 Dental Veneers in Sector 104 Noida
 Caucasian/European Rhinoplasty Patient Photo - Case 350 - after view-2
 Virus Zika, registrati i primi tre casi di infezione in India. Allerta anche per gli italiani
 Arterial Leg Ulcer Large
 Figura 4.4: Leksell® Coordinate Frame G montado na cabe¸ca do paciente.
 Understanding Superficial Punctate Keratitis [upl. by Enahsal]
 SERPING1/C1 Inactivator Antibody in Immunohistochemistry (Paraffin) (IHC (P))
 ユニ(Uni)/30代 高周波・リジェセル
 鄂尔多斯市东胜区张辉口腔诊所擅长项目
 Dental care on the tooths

________________________________________

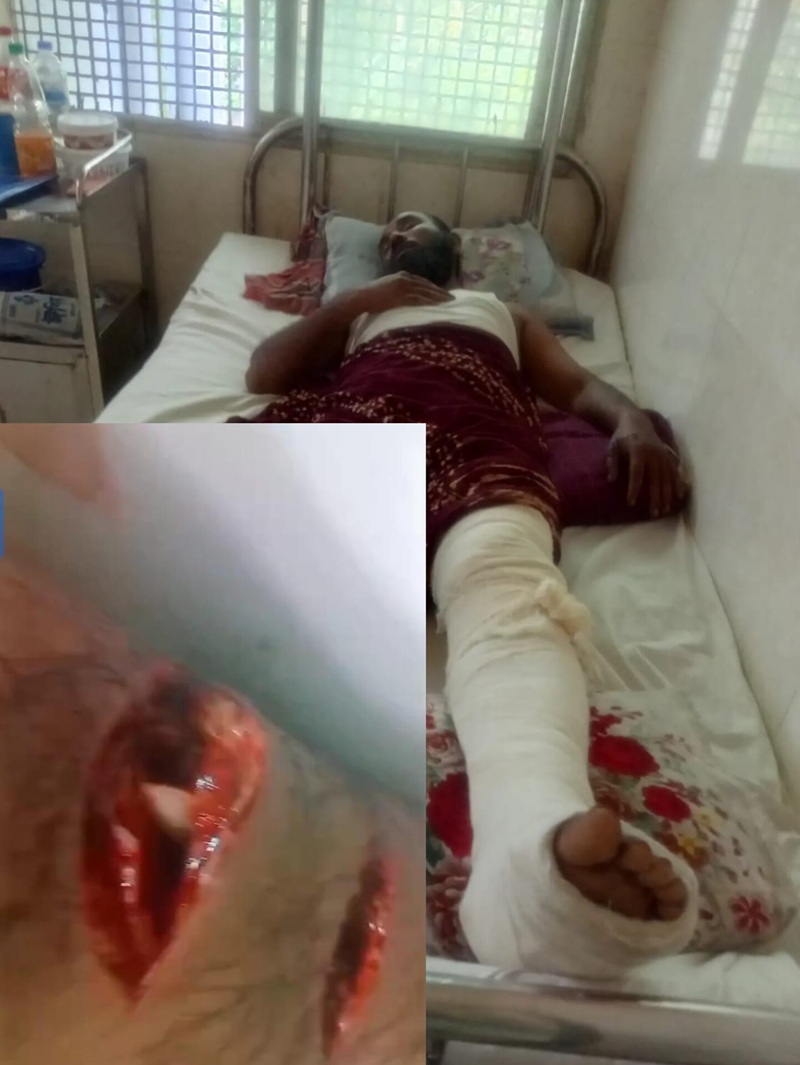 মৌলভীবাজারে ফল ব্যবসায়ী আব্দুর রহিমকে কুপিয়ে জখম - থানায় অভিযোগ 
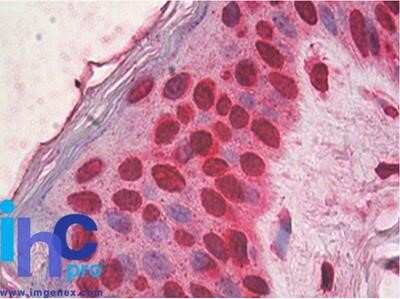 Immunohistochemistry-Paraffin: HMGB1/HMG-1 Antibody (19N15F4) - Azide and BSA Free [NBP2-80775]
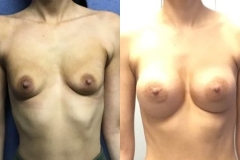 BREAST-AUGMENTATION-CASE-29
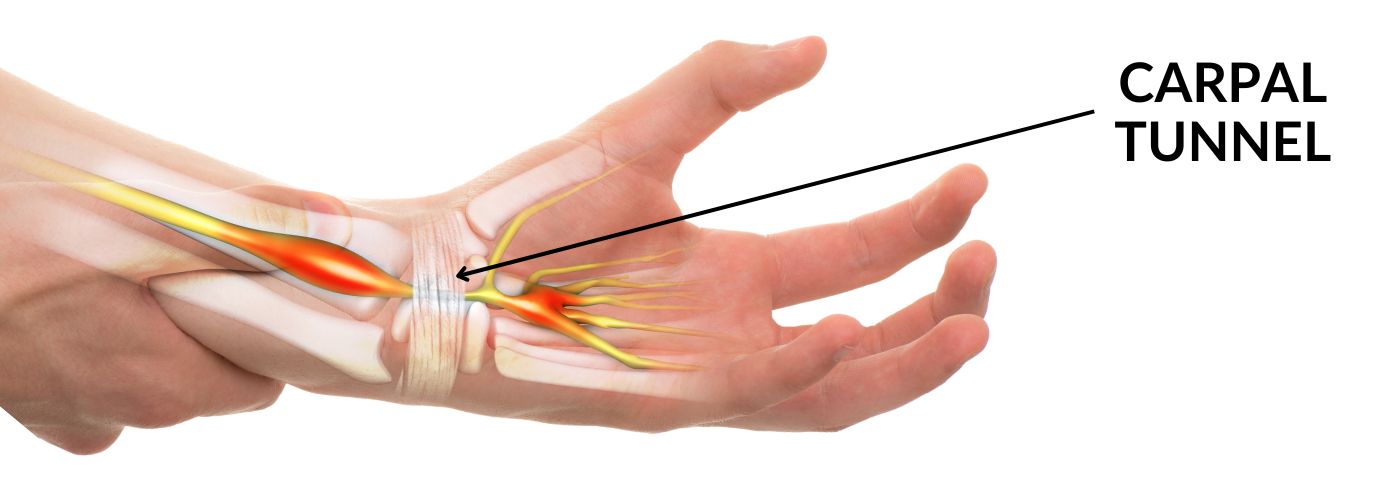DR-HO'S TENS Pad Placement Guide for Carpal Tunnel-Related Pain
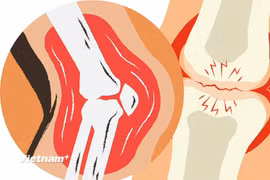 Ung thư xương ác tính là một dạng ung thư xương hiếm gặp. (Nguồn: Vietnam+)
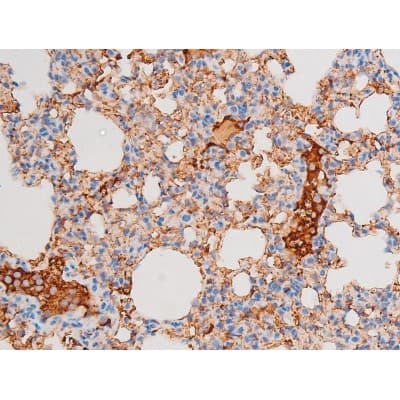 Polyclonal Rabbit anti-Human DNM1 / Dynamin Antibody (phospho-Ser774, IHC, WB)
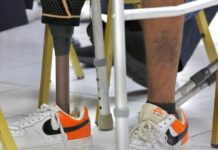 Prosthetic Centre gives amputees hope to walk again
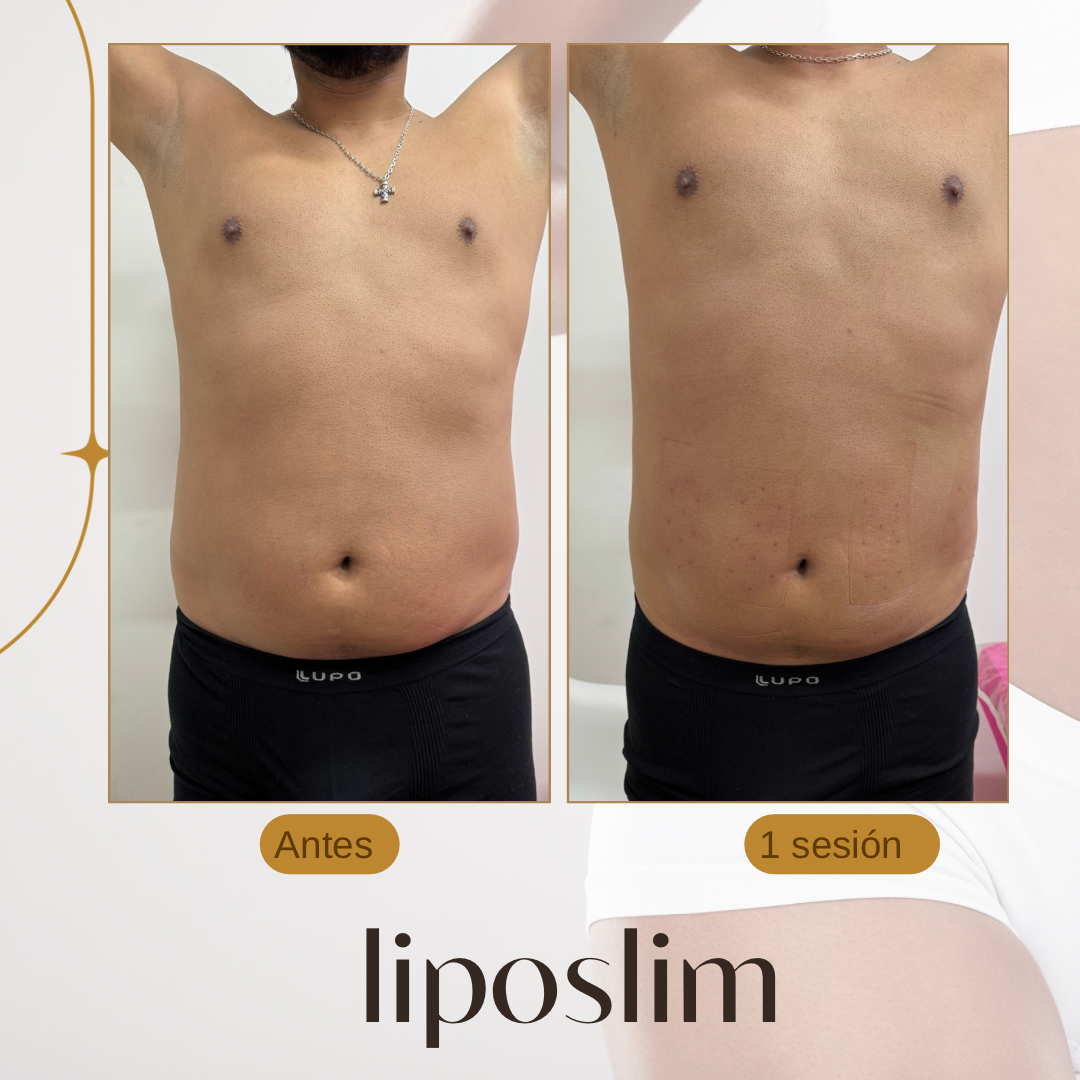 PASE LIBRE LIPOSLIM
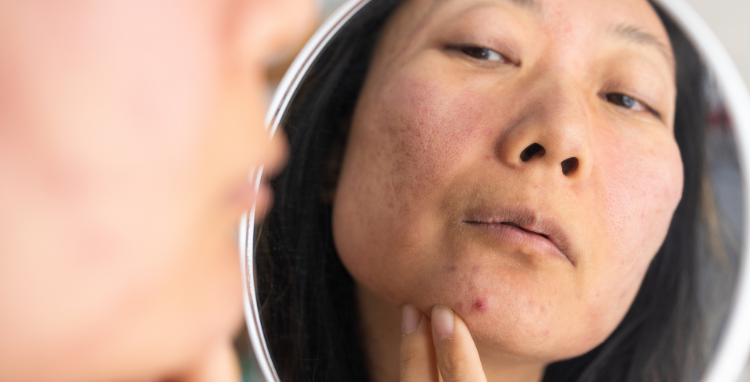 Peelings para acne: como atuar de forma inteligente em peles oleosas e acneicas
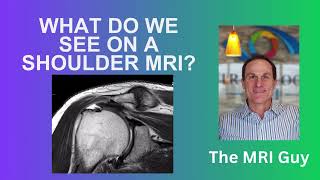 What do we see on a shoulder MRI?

________________________________________

### EXERCISE OBJECTIVE
All lines above from the one holding "Virus Zika, registrati" to the one holding "Dental care on the tooths", inclusive, are to be copied exactly; no other line is wanted.

### RESPONSE
 Virus Zika, registrati i primi tre casi di infezione in India. Allerta anche per gli italiani
 Arterial Leg Ulcer Large
 Figura 4.4: Leksell® Coordinate Frame G montado na cabe¸ca do paciente.
 Understanding Superficial Punctate Keratitis [upl. by Enahsal]
 SERPING1/C1 Inactivator Antibody in Immunohistochemistry (Paraffin) (IHC (P))
 ユニ(Uni)/30代 高周波・リジェセル
 鄂尔多斯市东胜区张辉口腔诊所擅长项目
 Dental care on the tooths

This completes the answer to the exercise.